Categories

Discourse uses a taxonomy of categories and topics. We have provided a small number of categories that cover the broad areas that we often discuss. In Discourse, a category is mandatory for each post.

For technical reasons, posts initiated from email go to the General category, based on the address, jackrail@discourse.jackrail.com. I am very reluctant to make an email address set for all the categories. Perhaps if a category other than General is appropriate, start the topic on the web forum interface.

If anybody feels the need for a category I have not created, feel free to suggest it. But I don’t want to have dozens and dozens.

(Offtopic … or is it?)

Decades before the Internet, science students were taught that taxonomy was a very important concept science, in technology and generally in professional life … This applied particularly to computer science. When in the 90s I started browsing the web, something I disliked was that taxonomy had been largely set aside.

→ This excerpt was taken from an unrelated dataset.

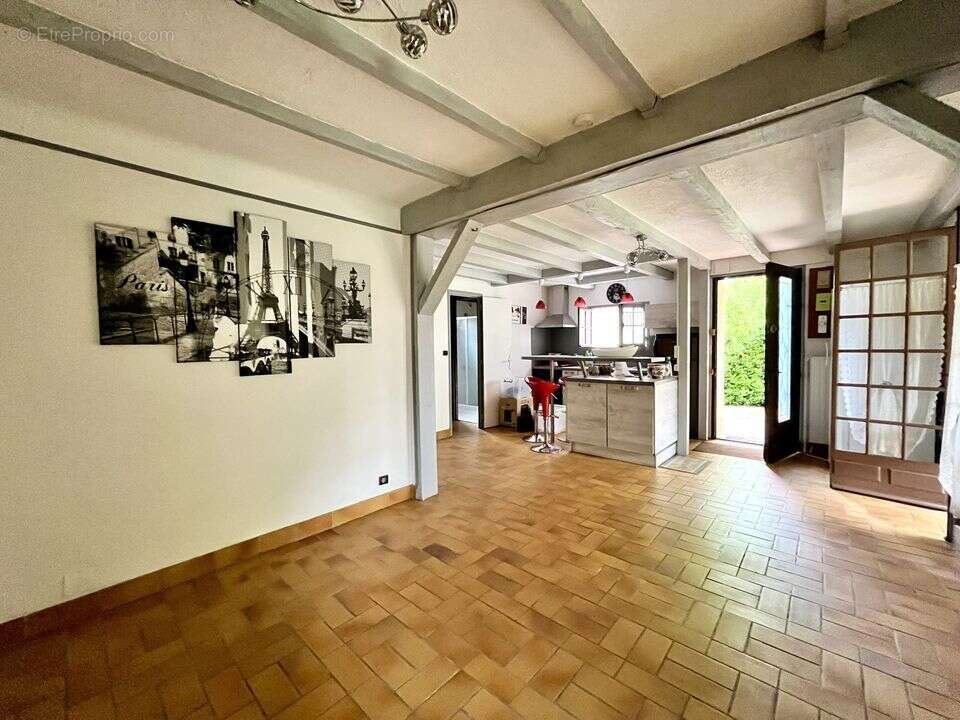 Ensemble immobilier 2 maisons et hangar- Donnemarie-Dontilly- - photo 13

If you are looking, say, for “harpsichord quill preparation techniques”, the “taxonomy” way would be to search for a first level of categories “Music”, a second “Instruments”, then “Harpsichord”, then “Maintenance”, then “Quilling”, then “Quill” and finally “Techniques”. If it is there in the web, you would get it, exactly what you need, in a few seconds.

But we all know that this is not the way the www works: you have to enter a few words in a search engine, juggle around with the quotes, and then either you have thousands of hits and have to refine and refine many times, or else you have almost no hits yet you suspect the matter is there (but you really do not know!) and keep trying … Sometimes it is easy, others unnervingly slow … It would be good if any webpage developer was forced to enter it into a taxonomy, but no generally agreed taxonomy exists for the web at large, which is a real pity.

Indeed, many persons find is “less complicated” to follow the www “mantra”:
“Forget about rules and schemes for rationally organising data, files, folders, whatever!
If you are good at ‘googling’ you will find anything with no fuss.”
Which, as we all know (experienced “googlers” included), is often not the case, especially if you start off with fuzzy or incomplete data for your search.

Countless times I have visited friends, students, customers, who just could not find a file in their computers or a past-visited webpage online. Actually, I hardly know anybody who organises rationally the files in his/her computer, or the URLs of “favourite” websites.

If your personal printed books library is rationally organised, you can find any of thousands of books on the spot. The same applies to personal computer stuff: I find that having it organised takes a minimal effort and pays off handsomely:

Back to Discourse, whether its taxonomy is good or else, I applaud the idea and I am sure it will be very helpful.